These table names match those shown in the Chinook diagram, so I can begin analyzing the data.

## 1. Most Popular Genres

In this section, I will find the number of tracks sold in the Chinook store in each genre to help the owner of the Chinook store determine which types of music he or she should focus on selling.

In [3]:
%%sql
WITH -- Selecting invoice information from tracks sold in the USA
    usa_tracks AS
    (
     SELECT
        il.*
       FROM invoice_line il
     INNER JOIN invoice i ON i.invoice_id = il.invoice_id
     INNER JOIN customer c ON c.customer_id = i.customer_id
     WHERE c.country = "USA"
    )

SELECT
    g.name genre,
    COUNT(ut.invoice_line_id) tracks_sold,
    -- Calculates the percent of total tracks sold are within each given genre
    ROUND(CAST(COUNT(ut.invoice_line_id) AS FLOAT) / 
         (SELECT COUNT(*) FROM usa_tracks) * 100, 2)
          percent_total
  FROM usa_tracks ut
 INNER JOIN track t ON t.track_id = ut.track_id
 INNER JOIN genre g ON g.genre_id = t.genre_id
 GROUP BY 1 ORDER BY 2 DESC

 * sqlite:///chinook.db
Done.


genre,tracks_sold,percent_total
Rock,561,53.38
Alternative & Punk,130,12.37
Metal,124,11.8
R&B/Soul,53,5.04
Blues,36,3.43
Alternative,35,3.33
Pop,22,2.09
Latin,22,2.09
Hip Hop/Rap,20,1.9
Jazz,14,1.33


The most popular genre by far is "Rock", which consists of over 50% of all tracks sold in the store. There is also a reasonably-large number of tracks sold in the "Alternative & Punk" and "Metal" genres, which attract a similar sort of clientele as Rock music.
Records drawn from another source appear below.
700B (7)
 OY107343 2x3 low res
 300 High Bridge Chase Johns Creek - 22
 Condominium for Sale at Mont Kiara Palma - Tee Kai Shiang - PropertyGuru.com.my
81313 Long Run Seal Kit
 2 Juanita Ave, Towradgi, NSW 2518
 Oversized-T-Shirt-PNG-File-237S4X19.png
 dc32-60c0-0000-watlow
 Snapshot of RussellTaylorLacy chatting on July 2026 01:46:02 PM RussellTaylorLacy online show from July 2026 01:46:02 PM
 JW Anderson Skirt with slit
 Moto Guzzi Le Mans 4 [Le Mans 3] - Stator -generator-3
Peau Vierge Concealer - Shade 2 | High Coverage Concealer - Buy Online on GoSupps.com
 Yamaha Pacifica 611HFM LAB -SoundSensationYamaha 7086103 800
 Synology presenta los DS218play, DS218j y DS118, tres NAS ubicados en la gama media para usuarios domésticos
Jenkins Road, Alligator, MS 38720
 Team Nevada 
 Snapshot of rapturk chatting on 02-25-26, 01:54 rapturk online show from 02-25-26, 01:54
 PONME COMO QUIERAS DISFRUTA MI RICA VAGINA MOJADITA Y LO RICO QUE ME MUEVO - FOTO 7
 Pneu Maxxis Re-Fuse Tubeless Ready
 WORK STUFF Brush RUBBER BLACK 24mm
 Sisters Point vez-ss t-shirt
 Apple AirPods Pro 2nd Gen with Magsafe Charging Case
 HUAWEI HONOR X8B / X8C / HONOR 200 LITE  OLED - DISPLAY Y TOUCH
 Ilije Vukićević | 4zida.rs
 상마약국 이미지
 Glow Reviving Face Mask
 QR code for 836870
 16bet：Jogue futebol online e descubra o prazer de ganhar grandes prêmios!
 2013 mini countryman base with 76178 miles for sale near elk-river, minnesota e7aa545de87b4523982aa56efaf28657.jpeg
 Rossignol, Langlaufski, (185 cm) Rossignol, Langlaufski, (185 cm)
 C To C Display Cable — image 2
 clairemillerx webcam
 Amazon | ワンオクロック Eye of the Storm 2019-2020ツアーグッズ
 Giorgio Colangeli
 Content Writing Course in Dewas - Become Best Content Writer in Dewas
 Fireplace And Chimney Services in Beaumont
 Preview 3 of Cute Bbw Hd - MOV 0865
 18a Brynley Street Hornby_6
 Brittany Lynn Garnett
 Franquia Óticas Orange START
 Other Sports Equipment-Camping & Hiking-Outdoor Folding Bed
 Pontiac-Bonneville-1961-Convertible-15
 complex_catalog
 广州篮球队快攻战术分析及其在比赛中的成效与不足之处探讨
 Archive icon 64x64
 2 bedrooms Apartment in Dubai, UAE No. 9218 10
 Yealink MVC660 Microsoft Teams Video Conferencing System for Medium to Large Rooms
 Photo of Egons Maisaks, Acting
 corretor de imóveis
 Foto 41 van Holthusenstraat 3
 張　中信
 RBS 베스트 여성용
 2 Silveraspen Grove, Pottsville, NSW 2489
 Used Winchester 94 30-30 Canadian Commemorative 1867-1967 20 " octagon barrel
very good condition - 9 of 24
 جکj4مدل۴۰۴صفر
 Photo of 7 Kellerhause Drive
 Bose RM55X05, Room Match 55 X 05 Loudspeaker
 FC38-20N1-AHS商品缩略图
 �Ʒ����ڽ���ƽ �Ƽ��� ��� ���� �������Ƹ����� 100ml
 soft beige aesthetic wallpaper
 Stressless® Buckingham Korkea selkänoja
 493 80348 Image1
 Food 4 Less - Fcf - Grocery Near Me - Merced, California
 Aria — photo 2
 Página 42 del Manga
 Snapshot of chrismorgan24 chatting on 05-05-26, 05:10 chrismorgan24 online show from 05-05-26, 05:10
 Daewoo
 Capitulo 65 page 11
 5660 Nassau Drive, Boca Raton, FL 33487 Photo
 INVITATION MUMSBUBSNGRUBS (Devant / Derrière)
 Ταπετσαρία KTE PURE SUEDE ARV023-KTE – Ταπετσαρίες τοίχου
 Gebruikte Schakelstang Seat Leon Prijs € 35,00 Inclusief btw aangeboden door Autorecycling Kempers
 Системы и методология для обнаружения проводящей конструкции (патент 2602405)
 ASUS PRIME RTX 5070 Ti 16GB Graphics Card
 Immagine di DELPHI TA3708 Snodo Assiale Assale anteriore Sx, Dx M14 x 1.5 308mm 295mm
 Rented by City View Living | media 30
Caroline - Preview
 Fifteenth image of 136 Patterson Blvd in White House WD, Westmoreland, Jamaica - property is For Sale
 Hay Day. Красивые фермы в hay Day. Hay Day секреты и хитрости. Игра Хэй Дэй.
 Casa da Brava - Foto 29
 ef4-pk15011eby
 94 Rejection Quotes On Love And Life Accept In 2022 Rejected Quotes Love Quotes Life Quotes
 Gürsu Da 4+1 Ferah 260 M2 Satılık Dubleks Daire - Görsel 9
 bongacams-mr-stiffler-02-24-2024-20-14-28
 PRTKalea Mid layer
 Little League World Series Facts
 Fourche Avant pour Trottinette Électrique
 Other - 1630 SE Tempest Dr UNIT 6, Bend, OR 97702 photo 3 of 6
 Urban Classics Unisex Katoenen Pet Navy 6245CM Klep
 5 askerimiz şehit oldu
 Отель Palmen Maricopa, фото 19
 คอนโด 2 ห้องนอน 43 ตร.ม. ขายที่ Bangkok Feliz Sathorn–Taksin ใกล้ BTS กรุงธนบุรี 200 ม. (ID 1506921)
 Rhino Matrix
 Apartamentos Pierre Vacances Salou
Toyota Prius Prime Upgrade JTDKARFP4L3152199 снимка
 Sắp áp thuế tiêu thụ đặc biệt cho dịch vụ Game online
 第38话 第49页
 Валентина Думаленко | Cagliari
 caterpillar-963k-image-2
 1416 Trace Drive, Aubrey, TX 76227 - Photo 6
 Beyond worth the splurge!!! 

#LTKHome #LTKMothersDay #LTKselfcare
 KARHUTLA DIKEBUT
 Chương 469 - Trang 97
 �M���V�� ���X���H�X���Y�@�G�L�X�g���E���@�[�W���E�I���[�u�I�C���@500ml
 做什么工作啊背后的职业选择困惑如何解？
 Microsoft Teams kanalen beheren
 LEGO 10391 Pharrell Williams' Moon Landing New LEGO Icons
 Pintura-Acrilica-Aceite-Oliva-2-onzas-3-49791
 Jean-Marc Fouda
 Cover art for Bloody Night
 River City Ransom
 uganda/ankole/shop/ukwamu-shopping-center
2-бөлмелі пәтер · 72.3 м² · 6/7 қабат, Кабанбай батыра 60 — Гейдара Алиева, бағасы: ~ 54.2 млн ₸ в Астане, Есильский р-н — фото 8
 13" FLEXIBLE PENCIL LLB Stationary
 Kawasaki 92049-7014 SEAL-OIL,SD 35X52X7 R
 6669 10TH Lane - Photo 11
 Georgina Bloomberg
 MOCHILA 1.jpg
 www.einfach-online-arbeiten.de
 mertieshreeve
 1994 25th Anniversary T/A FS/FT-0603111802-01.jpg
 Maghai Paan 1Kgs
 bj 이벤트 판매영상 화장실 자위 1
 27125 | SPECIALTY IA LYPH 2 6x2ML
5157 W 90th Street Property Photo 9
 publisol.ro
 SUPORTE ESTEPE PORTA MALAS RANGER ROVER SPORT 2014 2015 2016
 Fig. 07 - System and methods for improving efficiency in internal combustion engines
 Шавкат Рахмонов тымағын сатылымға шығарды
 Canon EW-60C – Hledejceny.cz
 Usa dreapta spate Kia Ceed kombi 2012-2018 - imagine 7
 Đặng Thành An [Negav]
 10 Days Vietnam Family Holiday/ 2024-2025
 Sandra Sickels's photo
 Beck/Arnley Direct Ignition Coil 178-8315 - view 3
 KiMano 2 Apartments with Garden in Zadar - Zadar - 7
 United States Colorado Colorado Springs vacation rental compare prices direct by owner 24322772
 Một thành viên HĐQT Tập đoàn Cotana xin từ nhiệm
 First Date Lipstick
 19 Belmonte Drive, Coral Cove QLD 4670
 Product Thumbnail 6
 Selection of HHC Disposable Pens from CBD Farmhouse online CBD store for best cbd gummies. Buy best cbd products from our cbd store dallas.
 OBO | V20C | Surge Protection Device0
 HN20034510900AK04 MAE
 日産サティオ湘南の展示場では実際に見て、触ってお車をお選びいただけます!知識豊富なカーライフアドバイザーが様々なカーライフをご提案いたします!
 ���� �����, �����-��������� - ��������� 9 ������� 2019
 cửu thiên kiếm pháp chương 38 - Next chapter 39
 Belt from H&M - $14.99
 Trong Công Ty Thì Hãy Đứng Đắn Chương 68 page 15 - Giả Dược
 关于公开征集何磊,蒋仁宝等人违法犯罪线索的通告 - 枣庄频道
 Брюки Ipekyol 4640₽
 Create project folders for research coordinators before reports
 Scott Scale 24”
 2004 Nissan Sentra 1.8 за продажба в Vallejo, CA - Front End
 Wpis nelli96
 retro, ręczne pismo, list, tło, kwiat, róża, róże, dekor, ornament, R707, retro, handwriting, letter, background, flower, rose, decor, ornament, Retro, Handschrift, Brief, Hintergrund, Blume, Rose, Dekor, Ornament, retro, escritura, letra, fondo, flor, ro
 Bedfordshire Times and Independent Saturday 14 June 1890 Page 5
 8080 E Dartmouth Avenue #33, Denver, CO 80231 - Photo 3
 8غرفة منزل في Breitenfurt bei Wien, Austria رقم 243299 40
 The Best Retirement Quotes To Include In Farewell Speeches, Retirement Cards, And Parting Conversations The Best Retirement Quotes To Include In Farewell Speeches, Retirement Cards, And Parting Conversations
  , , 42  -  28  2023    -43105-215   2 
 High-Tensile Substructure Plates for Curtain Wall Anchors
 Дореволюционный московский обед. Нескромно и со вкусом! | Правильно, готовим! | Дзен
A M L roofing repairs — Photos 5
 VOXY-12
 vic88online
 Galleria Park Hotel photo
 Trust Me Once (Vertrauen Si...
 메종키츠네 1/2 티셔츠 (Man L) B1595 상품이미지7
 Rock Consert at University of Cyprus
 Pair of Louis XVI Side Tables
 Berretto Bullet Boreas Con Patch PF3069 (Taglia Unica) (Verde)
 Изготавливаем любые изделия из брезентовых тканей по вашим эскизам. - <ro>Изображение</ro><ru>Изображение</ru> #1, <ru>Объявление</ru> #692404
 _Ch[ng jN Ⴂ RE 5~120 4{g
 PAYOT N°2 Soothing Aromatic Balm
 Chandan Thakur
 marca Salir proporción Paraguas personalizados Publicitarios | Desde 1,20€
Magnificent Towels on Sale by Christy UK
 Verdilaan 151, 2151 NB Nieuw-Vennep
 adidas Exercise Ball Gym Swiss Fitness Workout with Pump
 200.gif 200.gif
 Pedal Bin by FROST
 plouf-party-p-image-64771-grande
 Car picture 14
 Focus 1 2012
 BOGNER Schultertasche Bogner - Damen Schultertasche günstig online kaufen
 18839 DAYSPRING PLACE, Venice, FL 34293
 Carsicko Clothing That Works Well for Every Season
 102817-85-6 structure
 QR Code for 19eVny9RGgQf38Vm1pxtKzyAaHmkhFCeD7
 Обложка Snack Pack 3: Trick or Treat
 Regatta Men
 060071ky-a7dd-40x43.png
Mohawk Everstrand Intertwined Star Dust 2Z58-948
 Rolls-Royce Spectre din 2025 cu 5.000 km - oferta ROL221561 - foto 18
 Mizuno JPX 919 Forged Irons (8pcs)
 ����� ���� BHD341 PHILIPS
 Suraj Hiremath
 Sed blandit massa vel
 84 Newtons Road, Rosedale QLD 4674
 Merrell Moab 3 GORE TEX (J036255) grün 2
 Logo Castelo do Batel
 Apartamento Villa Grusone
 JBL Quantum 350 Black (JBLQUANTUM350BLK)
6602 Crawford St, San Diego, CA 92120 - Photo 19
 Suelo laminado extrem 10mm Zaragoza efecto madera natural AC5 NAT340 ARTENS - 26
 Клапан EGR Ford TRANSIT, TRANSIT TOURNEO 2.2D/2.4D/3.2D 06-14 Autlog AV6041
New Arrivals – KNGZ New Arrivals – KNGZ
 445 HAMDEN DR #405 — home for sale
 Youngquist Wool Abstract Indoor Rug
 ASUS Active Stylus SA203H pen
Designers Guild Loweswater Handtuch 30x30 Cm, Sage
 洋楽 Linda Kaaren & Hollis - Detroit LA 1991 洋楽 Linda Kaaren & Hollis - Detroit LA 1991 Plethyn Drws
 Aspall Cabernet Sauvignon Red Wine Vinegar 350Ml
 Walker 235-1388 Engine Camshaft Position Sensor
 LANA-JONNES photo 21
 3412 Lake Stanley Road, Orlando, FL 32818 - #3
Note that 75% of all tracks sold in the store are in either the "Rock", "Alternative & Punk", or "Metal" genres, with the 14 other genres making up less than 25% of tracks sold. Perhaps the store owner should focus any advertizement campaign to make the store image appear "Rock" theme.

## 2. Best Market Countries

In this section, I will analyze customer and order statistics to help sales agents determine which country sales agents should focus their business development efforts. These factors include:
1. The countries that have the most sales, highest average sales per customer, or highest average sales per order.
2. The best customers and which country they are from.
3. The best customers by country.

First, I will take a look at the largest markets by country.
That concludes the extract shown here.